### Exercise instructions
Filter the entries for the word "Bracelet". Copy each line in which it occurs.

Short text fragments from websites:
* * * * * * *

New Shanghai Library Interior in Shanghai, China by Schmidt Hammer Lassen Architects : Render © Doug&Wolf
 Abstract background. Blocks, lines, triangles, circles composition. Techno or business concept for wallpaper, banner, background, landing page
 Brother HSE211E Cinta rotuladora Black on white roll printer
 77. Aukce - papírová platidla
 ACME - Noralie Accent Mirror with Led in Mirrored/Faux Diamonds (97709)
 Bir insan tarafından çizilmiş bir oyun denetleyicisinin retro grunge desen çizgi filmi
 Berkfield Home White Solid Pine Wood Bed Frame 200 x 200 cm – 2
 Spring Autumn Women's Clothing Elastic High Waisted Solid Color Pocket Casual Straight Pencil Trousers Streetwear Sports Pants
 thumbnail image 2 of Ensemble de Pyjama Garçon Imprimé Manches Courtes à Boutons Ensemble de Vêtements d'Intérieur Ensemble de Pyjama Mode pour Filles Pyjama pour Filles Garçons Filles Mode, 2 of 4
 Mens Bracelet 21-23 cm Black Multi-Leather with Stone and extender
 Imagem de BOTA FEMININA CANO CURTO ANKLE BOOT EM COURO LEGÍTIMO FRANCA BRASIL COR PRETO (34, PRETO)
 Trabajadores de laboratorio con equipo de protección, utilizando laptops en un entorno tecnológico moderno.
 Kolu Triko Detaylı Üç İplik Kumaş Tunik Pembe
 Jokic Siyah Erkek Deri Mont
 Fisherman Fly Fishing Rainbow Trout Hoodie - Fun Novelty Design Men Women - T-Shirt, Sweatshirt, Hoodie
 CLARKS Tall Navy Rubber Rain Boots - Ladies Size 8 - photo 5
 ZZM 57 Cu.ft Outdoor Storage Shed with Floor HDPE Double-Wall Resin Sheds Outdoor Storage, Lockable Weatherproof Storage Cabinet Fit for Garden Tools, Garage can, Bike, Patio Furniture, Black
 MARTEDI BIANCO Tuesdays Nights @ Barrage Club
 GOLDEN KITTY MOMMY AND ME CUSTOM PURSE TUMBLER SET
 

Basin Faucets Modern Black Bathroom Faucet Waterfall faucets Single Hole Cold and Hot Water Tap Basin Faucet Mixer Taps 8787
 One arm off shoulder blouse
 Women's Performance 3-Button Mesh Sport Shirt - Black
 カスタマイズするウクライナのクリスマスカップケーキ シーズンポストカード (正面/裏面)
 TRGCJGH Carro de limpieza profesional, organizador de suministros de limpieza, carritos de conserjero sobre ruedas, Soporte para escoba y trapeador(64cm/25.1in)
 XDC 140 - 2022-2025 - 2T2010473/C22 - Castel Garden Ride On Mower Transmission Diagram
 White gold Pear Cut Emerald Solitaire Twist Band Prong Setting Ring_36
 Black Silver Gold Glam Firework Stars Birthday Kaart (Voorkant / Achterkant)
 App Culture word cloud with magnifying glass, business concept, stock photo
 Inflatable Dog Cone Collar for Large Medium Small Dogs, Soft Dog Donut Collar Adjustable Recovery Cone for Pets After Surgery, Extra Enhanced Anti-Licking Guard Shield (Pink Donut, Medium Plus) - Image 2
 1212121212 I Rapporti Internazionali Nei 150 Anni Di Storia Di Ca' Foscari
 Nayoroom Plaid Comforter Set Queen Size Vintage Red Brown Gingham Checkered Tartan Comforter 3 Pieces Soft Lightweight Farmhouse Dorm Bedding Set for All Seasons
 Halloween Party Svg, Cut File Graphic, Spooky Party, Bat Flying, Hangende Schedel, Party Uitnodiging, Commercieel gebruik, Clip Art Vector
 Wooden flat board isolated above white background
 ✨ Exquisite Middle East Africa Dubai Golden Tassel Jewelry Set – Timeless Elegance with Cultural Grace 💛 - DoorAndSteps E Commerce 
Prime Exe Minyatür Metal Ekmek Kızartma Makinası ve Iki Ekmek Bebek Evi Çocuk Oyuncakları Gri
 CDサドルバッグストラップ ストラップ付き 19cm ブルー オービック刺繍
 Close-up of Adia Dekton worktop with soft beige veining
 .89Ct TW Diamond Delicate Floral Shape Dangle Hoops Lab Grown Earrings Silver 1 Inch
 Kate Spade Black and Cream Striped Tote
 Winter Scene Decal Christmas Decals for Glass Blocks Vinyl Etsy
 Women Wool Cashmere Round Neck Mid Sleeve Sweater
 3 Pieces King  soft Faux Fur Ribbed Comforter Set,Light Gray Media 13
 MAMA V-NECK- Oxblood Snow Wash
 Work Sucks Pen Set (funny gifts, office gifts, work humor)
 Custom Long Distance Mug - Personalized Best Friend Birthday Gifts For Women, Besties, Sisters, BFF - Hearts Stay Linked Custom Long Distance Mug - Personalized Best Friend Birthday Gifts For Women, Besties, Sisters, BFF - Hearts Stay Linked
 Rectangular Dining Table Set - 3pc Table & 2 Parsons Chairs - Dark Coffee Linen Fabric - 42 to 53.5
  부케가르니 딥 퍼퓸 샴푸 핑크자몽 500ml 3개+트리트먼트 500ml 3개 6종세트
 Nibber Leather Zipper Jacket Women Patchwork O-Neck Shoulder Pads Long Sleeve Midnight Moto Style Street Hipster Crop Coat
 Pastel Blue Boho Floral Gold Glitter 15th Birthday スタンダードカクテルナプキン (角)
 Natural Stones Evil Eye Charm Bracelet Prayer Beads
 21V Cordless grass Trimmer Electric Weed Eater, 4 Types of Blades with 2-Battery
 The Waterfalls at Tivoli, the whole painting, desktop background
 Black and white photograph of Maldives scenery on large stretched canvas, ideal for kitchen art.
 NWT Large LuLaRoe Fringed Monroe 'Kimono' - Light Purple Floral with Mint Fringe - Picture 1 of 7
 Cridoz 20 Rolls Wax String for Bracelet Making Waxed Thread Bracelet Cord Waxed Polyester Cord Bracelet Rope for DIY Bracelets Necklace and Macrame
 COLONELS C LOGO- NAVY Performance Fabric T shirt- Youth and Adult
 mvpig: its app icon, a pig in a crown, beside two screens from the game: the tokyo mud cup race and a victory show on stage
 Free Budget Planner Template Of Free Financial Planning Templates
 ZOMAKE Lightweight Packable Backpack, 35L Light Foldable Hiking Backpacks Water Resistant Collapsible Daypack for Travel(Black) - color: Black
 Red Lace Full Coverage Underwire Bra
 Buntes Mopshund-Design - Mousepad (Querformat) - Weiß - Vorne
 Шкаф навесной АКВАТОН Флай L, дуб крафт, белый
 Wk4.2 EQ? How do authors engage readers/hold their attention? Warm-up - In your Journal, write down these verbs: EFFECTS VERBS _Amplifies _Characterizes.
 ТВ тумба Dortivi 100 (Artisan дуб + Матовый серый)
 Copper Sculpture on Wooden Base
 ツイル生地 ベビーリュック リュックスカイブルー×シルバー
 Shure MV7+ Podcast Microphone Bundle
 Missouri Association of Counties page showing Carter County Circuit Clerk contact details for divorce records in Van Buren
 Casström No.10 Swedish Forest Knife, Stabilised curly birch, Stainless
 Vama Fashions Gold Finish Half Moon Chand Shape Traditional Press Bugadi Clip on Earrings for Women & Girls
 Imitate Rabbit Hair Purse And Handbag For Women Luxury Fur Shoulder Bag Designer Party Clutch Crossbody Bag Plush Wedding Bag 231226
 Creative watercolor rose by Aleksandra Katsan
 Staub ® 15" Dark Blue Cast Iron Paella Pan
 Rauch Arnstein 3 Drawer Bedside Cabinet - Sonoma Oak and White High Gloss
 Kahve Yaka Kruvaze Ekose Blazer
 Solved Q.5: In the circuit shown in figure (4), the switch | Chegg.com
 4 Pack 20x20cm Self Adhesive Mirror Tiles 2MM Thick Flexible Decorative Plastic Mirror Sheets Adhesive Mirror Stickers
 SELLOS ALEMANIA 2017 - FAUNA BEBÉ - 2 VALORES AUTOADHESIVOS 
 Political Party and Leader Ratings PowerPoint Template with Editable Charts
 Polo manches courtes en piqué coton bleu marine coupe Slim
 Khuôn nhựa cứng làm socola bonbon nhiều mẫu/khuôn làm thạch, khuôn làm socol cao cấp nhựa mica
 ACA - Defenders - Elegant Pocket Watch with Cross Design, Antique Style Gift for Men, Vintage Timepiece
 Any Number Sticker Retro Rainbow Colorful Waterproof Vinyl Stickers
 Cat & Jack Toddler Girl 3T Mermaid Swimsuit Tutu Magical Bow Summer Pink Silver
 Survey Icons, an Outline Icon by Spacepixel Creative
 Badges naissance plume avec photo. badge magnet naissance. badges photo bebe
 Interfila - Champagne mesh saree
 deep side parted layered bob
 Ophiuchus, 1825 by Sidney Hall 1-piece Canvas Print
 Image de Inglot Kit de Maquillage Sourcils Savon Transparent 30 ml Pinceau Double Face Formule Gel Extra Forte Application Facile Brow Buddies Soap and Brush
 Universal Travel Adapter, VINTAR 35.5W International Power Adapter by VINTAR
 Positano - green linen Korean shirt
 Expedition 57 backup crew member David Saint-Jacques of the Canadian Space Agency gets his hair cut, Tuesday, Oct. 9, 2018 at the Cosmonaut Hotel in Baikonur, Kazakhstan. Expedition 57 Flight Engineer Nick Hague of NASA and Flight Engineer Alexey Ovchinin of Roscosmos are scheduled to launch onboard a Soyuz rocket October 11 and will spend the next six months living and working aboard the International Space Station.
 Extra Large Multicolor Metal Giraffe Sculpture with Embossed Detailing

* * * * * * *

### Reply
 Mens Bracelet 21-23 cm Black Multi-Leather with Stone and extender
 Natural Stones Evil Eye Charm Bracelet Prayer Beads
 Cridoz 20 Rolls Wax String for Bracelet Making Waxed Thread Bracelet Cord Waxed Polyester Cord Bracelet Rope for DIY Bracelets Necklace and Macrame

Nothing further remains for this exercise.